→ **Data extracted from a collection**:
- - - - -

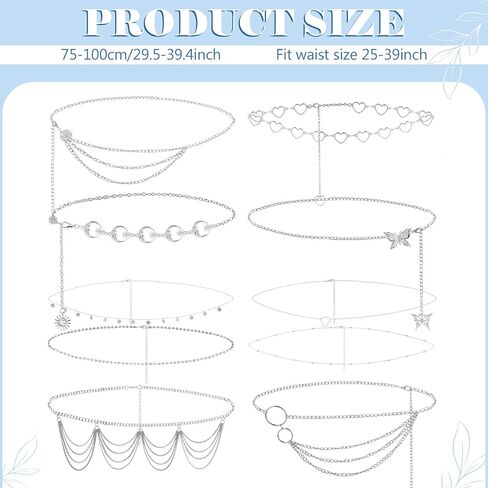 10 PCS Waist Belly Chain Belt for Women, Adjustable Waist Chain Summer Beach Waist Sexy Body Chains Jewelry Accessories for Jeans Dress, Multilayer Long Body Decorations for Body Girls, Silver in Saudi Arabia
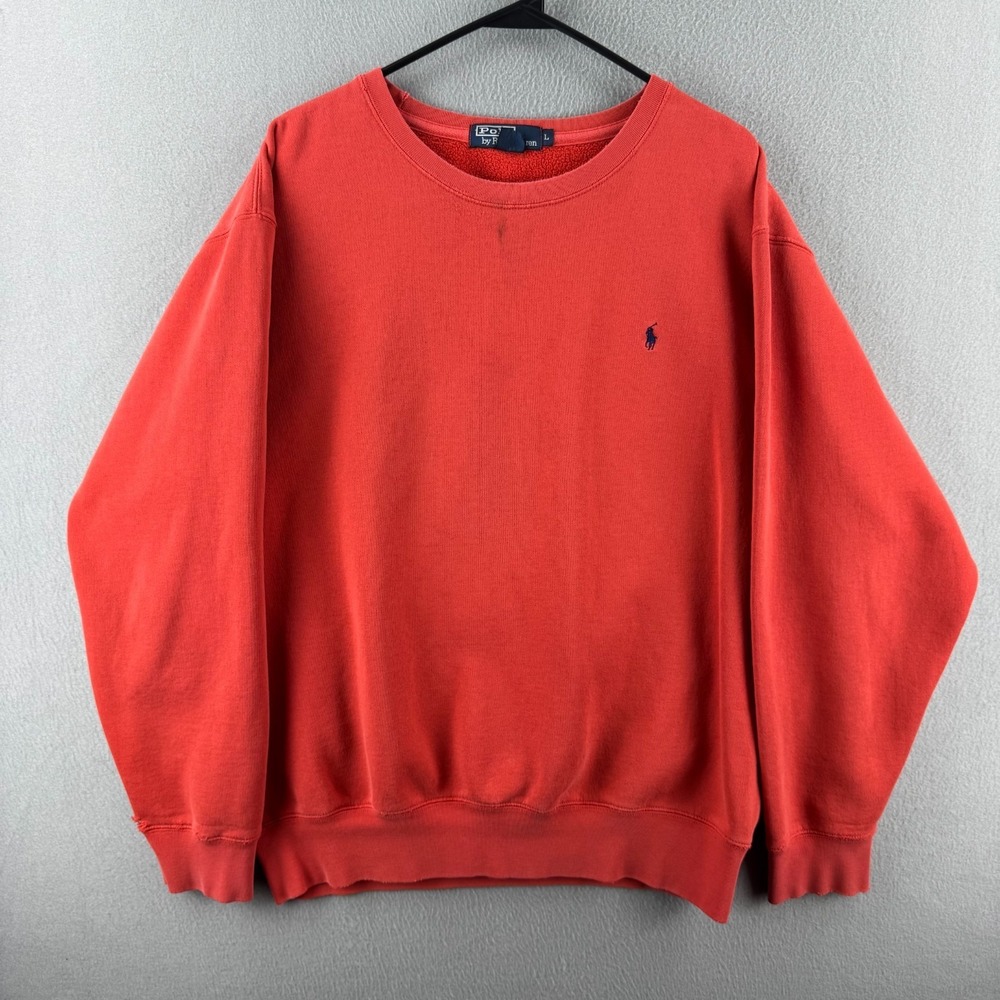 Vintage Polo Ralph Lauren Sweatshirt Mens Large Red Crewneck 90s USA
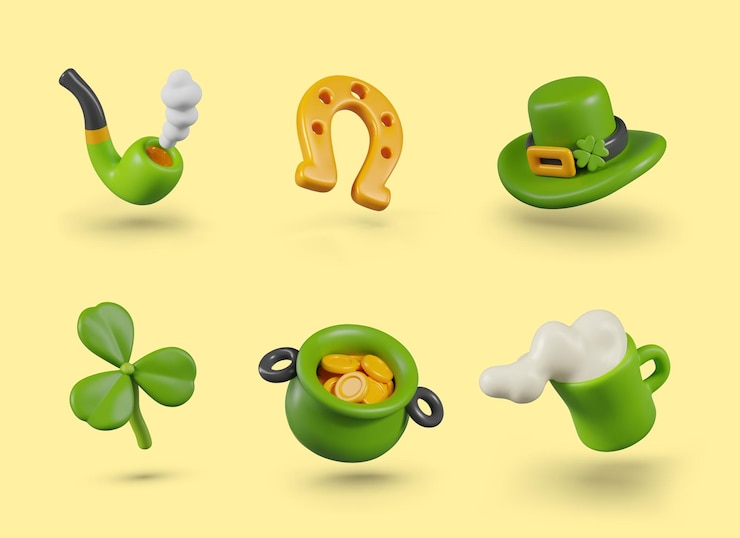 Vettore pipa da fumo, ferro di cavallo dorato, cappello di leprechaun, trifoglio verde, pentola di monete d'oro, tazza di birra.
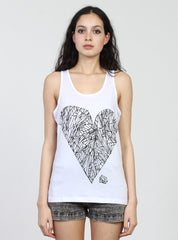 TUESDAY SINGLET - DIAMOND HEART - WHITE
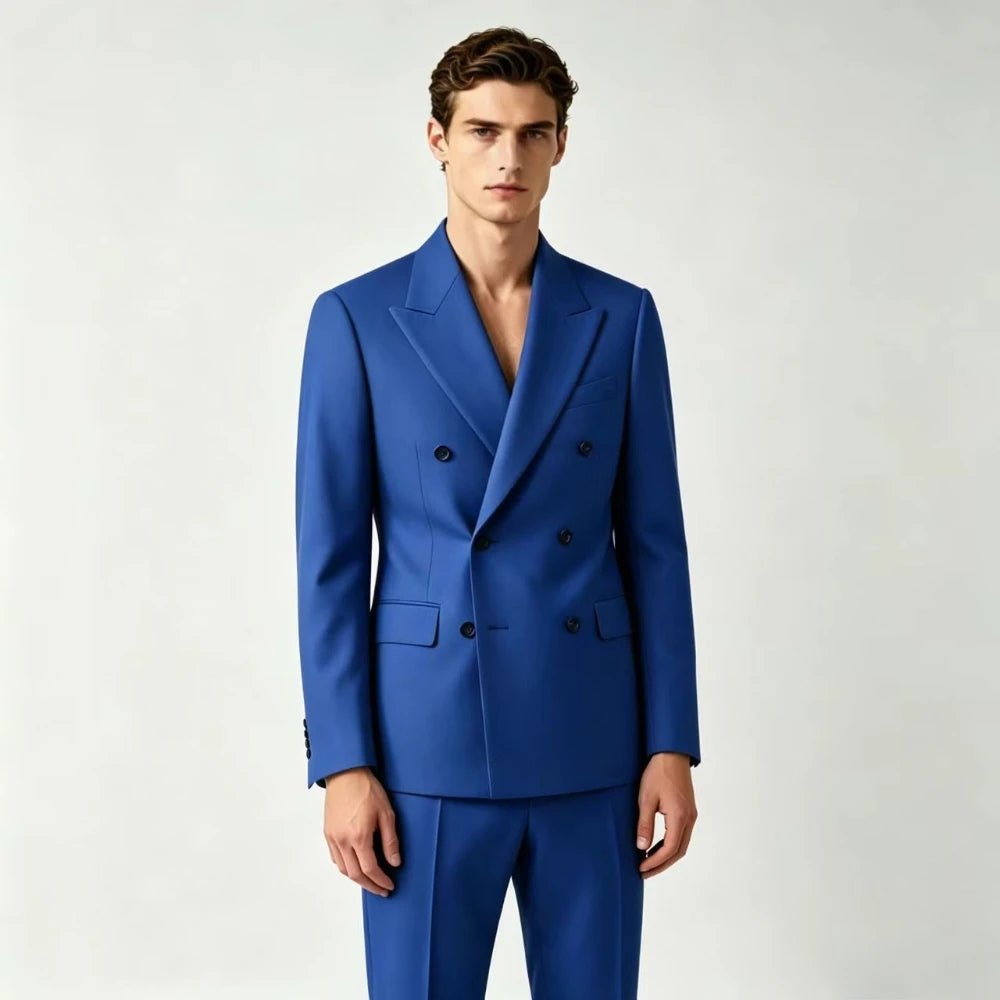 Men Double Breasted Suits For Wedding High Quality Slim Fit 2 Pieces Set Elegant Jackets Pants Blazers Fashion Classic Formal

- - - - -

→ **DIRECTIONS**: Repeat the records in full, precisely, and keep the pictures out.

→ **ANSWER SPACE**:
 10 PCS Waist Belly Chain Belt for Women, Adjustable Waist Chain Summer Beach Waist Sexy Body Chains Jewelry Accessories for Jeans Dress, Multilayer Long Body Decorations for Body Girls, Silver in Saudi Arabia
 Vintage Polo Ralph Lauren Sweatshirt Mens Large Red Crewneck 90s USA
 Vettore pipa da fumo, ferro di cavallo dorato, cappello di leprechaun, trifoglio verde, pentola di monete d'oro, tazza di birra.
 TUESDAY SINGLET - DIAMOND HEART - WHITE
 Men Double Breasted Suits For Wedding High Quality Slim Fit 2 Pieces Set Elegant Jackets Pants Blazers Fashion Classic Formal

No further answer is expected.